Just use jQuerys built-in text() method. It will return all the characters in a selected DOM element.
For the DOM approach (docs for the Node interface): Run over all child nodes of an element. If the child is an element node, run recursively. If it's a text node, search in the text (node.data) and if you want to highlight/change something, shorten the text of the node until the found position, and insert a highligth-span with the matched text and another text node for the rest of the text.
Example code (adjusted, origin is here):
(function iterate_node(node) {
if (node.nodeType === 3) { // Node.TEXT_NODE
var text = node.data,
pos = text.search(/any regular expression/g), //indexOf also applicable
length = 5; // or whatever you found
if (pos > -1) {
node.data = text.substr(0, pos); // split into a part before...

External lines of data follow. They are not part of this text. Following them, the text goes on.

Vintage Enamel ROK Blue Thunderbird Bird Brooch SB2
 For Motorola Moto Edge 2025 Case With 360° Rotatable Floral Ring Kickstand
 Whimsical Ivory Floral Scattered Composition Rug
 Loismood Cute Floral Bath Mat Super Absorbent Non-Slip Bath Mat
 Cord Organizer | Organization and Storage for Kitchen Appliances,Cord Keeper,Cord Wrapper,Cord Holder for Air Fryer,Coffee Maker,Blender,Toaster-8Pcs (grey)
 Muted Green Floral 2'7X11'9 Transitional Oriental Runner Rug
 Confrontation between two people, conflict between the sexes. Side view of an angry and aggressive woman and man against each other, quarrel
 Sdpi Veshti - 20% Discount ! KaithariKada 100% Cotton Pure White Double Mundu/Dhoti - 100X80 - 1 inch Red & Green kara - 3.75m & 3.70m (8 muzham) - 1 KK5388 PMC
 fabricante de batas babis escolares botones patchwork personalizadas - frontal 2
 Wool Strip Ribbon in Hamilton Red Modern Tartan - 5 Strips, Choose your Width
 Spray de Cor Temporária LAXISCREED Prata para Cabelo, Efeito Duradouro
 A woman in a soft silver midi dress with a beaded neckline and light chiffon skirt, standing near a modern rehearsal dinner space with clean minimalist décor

var rest = document.createTextNode(text.substr(pos+length)); // a part after
var highlight = document.createElement("span"); // and a part between
highlight.className = "highlight";
highlight.appendChild(document.createTextNode(text.substr(pos, length)));
node.parentNode.insertBefore(rest, node.nextSibling); // insert after
node.parentNode.insertBefore(highlight, node.nextSibling);
iterate_node(rest); // maybe there are more matches
}
} else if (node.nodeType === 1) { // Node.ELEMENT_NODE
for (var i = 0; i < node.childNodes.length; i++) {
iterate_node(node.childNodes[i]); // run recursive on DOM
}
}
})(content); // any dom node
There's also highlight.js, which might be exactly what you want.